The problem: Begin at the line containing "Rechargeable LED Flashlights" and retype each line through the end of the records exactly. Include nothing else and no pictures.

Data for analysis:
——————
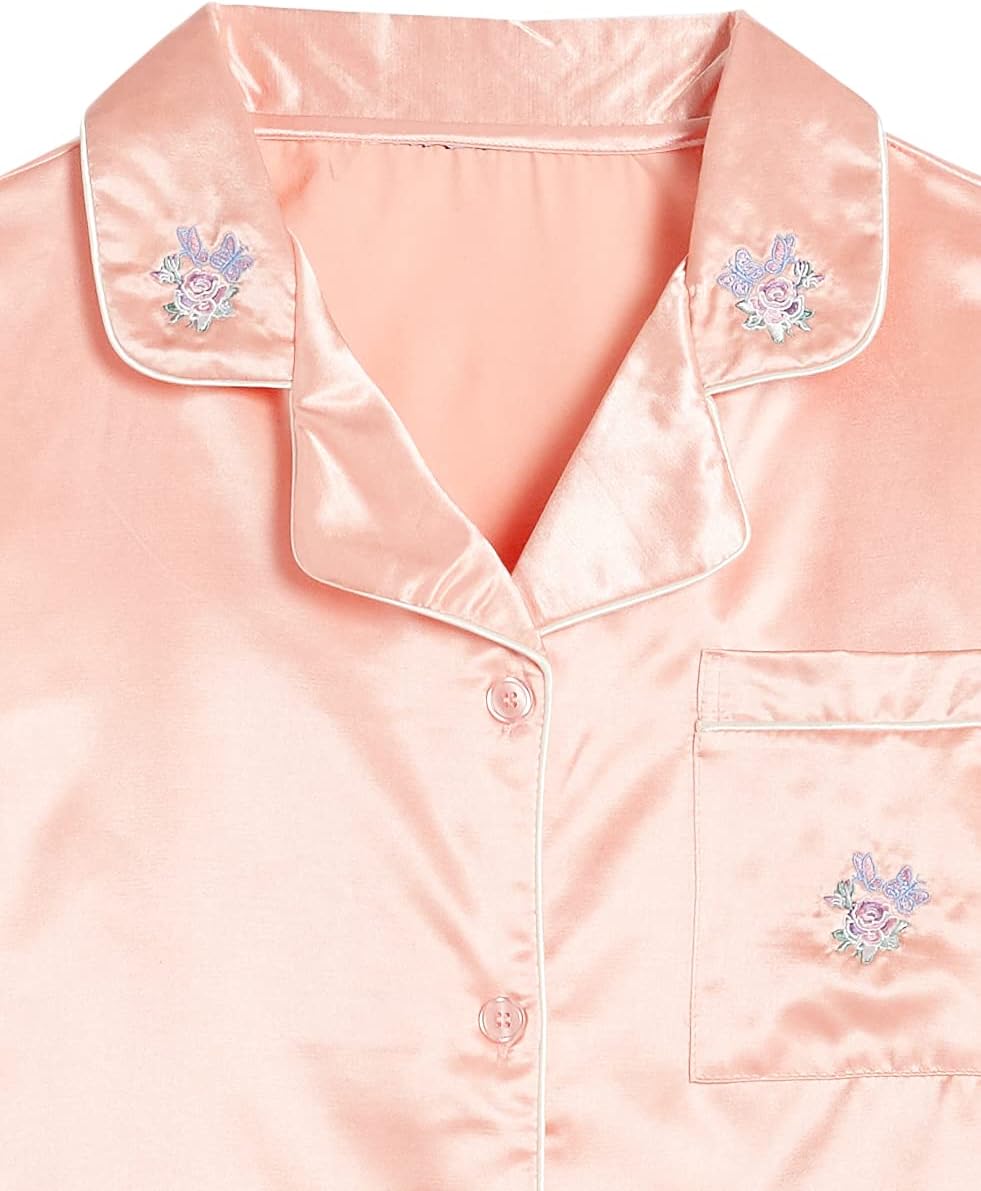 AmeriMark Womens Classic Satin Pajama Set Silky PJ Long Sleeves Button Up Front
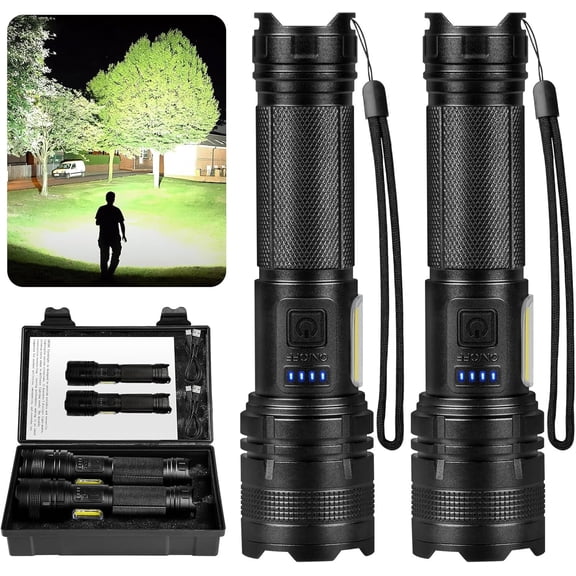 Rechargeable LED Flashlights High Lumens, 90000LM Super Bright Flashlights with 7 Modes, High Handheld Flash Light for Camping Hiking Night Work (2 Pack)
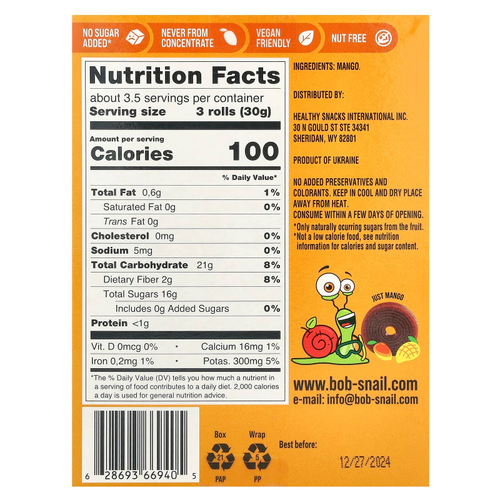 Bob Snail, Fruit Roll, манго, 10 пакетиков по 10 г (0,35 унции)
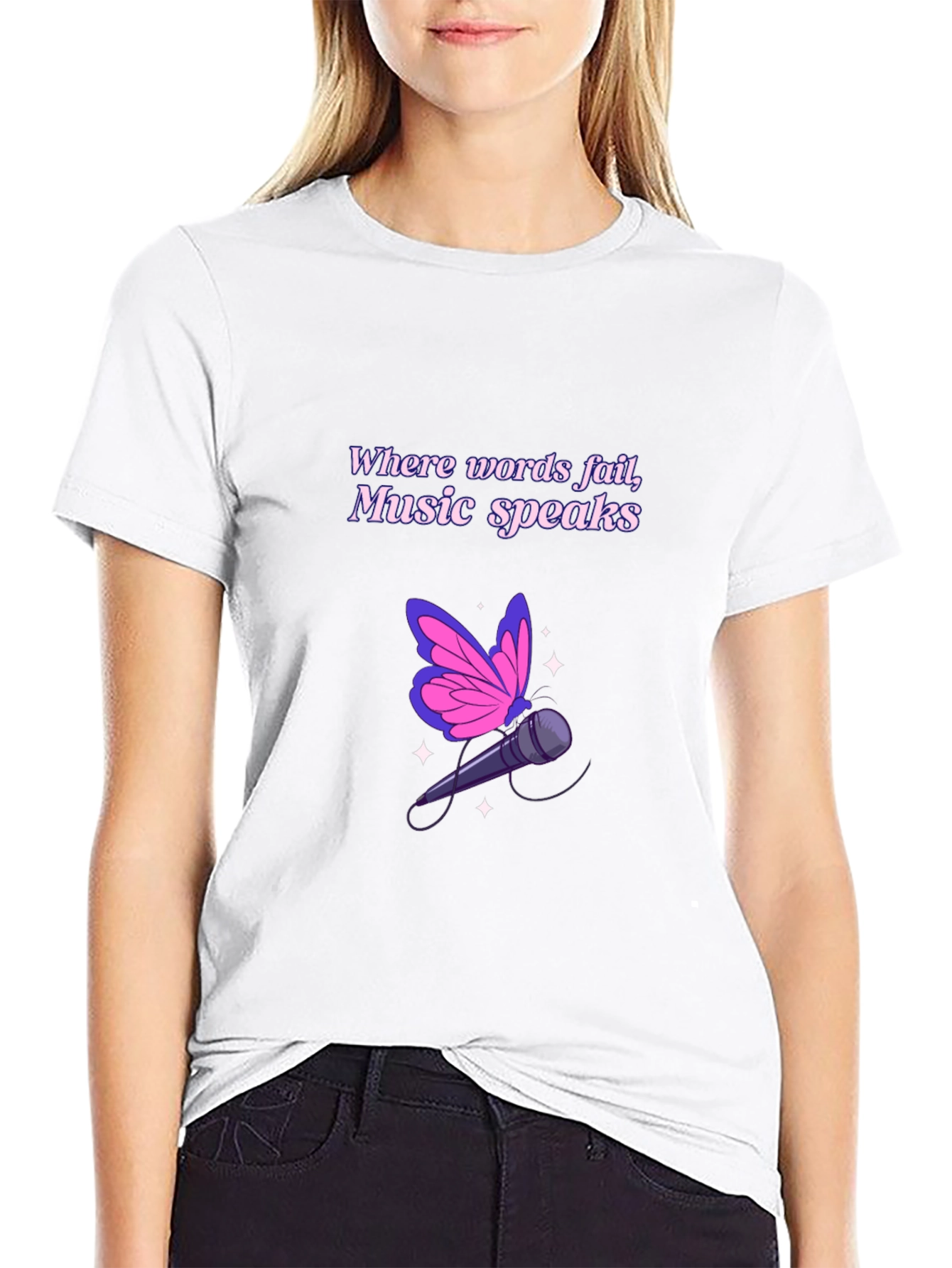 Music Speaks Graphic Tee - Butterfly Microphone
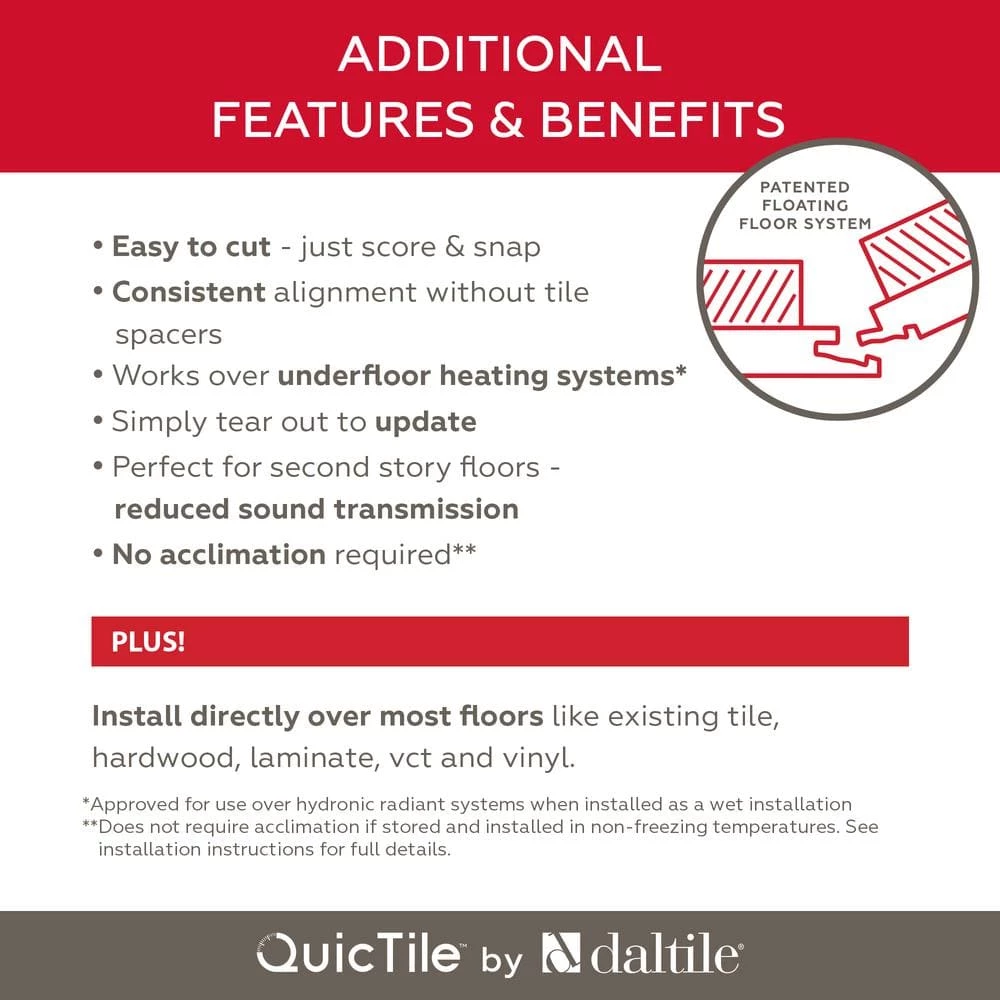 QuicTile 12 in. x 24 in. Tower White Matte Porcelain Locking Floor Tile (9.6 sq. ft. / case) by Daltile 15 QuicTile 12 in. x 24 in. Tower White Matte Porcelain Locking Floor Tile (9.6 sq. ft. / case) by Daltile - Image 13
——————
Output of the exercise:
 Rechargeable LED Flashlights High Lumens, 90000LM Super Bright Flashlights with 7 Modes, High Handheld Flash Light for Camping Hiking Night Work (2 Pack)
 Bob Snail, Fruit Roll, манго, 10 пакетиков по 10 г (0,35 унции)
 Music Speaks Graphic Tee - Butterfly Microphone
 QuicTile 12 in. x 24 in. Tower White Matte Porcelain Locking Floor Tile (9.6 sq. ft. / case) by Daltile 15 QuicTile 12 in. x 24 in. Tower White Matte Porcelain Locking Floor Tile (9.6 sq. ft. / case) by Daltile - Image 13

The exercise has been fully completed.